Lastenschirm und Steuerungsgerät (silberne Kiste) des SLG Sys. (Foto: DSK/Carl Schulze)

Seit rund zehn Jahren verfügt auch die Bundeswehr über ein solches System, das sich offiziell aber noch nicht in Nutzung befindet. Die Division Schnelle Kräfte (DSK) nutzte und testete das SLG Sys jetzt anläßlich der Übung Green Griffin 2019. Die Systemeinführung findet dabei in enger Kooperation mit der Wehrtechnischen Dienststelle für Luftfahrzeuge und Luftfahrtgerät der Bundeswehr (WTD 61) in Manching statt. Derzeit verfügt die Bundeswehr über eine einstellige Stückzahl, der Bedarf liegt bei rund 100 Systemen.

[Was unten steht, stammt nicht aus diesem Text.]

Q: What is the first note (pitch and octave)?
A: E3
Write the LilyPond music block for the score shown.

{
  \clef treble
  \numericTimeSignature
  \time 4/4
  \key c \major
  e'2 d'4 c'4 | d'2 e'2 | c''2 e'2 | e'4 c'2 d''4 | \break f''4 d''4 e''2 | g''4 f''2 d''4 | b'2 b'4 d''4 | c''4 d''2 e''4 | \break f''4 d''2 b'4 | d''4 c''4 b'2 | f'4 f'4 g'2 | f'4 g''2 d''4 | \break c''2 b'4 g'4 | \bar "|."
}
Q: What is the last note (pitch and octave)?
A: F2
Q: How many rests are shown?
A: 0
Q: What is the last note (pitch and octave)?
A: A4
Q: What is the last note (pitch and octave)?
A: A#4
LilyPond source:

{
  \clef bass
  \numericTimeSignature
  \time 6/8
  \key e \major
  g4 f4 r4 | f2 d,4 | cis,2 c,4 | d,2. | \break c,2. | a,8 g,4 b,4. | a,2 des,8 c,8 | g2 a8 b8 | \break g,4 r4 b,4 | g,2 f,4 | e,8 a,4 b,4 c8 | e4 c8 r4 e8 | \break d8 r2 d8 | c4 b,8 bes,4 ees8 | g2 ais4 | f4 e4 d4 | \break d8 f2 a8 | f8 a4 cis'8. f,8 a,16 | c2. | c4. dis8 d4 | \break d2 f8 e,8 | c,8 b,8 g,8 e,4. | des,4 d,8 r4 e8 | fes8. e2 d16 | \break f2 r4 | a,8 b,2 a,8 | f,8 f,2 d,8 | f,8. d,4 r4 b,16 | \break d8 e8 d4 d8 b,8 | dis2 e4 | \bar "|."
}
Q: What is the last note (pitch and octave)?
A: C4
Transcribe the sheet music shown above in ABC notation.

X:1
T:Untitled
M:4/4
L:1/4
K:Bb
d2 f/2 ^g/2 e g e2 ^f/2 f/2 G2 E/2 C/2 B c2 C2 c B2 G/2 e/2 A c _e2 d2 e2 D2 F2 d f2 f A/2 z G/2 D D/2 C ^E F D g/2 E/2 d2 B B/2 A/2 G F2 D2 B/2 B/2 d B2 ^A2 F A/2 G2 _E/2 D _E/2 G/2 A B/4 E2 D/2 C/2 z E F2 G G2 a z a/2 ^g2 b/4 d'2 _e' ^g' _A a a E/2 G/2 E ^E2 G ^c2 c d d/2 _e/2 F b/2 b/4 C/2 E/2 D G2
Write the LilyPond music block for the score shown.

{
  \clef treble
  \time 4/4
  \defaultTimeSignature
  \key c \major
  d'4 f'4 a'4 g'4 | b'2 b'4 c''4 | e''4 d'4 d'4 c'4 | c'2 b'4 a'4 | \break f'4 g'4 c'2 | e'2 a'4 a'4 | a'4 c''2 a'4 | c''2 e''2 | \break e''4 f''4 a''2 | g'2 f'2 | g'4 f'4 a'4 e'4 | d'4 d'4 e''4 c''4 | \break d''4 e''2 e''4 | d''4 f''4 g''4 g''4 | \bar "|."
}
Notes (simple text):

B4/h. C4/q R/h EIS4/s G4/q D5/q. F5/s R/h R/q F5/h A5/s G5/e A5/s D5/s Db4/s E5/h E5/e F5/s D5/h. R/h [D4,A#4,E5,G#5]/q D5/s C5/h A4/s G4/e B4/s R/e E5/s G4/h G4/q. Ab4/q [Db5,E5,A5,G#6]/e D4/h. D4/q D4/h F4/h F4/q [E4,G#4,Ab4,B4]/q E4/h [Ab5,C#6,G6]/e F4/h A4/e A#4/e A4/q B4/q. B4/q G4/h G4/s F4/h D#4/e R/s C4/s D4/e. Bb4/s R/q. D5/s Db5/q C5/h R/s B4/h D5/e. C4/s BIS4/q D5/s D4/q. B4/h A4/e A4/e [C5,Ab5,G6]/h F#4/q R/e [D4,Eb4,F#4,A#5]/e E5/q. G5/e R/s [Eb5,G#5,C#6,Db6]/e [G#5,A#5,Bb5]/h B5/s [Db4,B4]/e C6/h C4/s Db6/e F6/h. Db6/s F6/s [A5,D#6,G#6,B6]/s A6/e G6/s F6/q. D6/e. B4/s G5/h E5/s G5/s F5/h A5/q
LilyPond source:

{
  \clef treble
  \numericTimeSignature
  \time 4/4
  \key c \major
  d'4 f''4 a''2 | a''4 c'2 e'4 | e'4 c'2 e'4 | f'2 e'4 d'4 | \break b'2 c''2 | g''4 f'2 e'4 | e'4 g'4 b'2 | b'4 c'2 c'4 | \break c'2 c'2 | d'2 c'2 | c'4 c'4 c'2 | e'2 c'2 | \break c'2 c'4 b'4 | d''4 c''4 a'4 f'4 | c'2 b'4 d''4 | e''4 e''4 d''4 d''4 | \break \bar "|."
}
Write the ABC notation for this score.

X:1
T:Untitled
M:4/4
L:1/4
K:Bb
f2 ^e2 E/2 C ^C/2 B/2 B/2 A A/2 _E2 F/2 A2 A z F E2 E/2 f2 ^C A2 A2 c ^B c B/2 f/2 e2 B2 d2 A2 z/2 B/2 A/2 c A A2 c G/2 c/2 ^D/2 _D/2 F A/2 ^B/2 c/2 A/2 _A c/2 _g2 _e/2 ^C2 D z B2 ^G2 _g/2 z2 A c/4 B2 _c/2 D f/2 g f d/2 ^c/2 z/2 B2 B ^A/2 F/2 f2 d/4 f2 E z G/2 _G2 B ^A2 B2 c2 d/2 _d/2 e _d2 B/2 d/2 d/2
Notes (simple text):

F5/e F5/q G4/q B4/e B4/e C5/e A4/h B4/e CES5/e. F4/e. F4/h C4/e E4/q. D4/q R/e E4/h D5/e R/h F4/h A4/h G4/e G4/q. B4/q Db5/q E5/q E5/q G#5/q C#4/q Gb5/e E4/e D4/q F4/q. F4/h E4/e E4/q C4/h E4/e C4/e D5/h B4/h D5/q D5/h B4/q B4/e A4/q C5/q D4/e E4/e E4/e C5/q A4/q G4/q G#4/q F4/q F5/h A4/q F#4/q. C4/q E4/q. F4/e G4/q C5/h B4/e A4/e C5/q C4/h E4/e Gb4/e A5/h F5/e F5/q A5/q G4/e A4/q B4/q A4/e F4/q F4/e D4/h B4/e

Beim Hersteller Airbus hat das System die Bezeichnung ParaLander L1000, die Nutzlast liegt bei 1.000 kg. Neben dem SLG Sys 1.000 kg hat Airbus ein 300 kg-System entwickelt und zusammen mit der Bundeswehr getestet. Pläne für 3.000 kg und 5.000 kg-Systeme liegen laut Hersteller vor. Derzeit werden aber eher kleinere Systeme mit weniger Nutzlast in den Bereichen um 400 kg und 250 kg gefordert. Vor allem für die Versorgung von Spezialkräften (KSK), Fernspähern oder abgesetzten Trupps in schwierigem Gelände (z.B. Gebirgsjäger).

Das System

Das Selbststeuernde Lastengleitschirmsysteme (SLG Sys) dient der autonomen Verbringung von Lasten bis ca. 1.000 kg aus höhen bis FL330. FL ist die Abkürzung für flight level (deutsch: Flugfläche). Da der Luftdruck sich örtlich und zeitlich ständig ändert, stellen alle Luftfahrzeuge ihre Höhenmesser ab einer bestimmten Höhe, auf denselben Druck ein. So werden Kollisionen verhindert, da alle denselben Sachstand haben. 330 heißt 33.000 Fuß, ca. 10 km, was sehr hoch ist. Laut Hersteller kann das System zwischen Höhen von 600 bis 10.000 m eingesetzt werden. In Deutschland wird das System aus einer deutlich geringeren maximalen Absetzhöhe eingesetzt, da die verfügbaren Sicherheitszonen die Absetzhöhe limitieren. Nach deutschem Recht handelt es sich um ein autonomes Luftfahrzeug der Klasse 1. Durch die geringere Absetzhöhe ist natürlich auch der Gleitweg und die Einsatzentfernung, die das System zurücklegen kann, deutlich verringert. Nach deutscher Klassifizierung darf das System derzeit nur in einem gesperrten Luftraum und über einem Bodensperrgebiet eingesetzt werden.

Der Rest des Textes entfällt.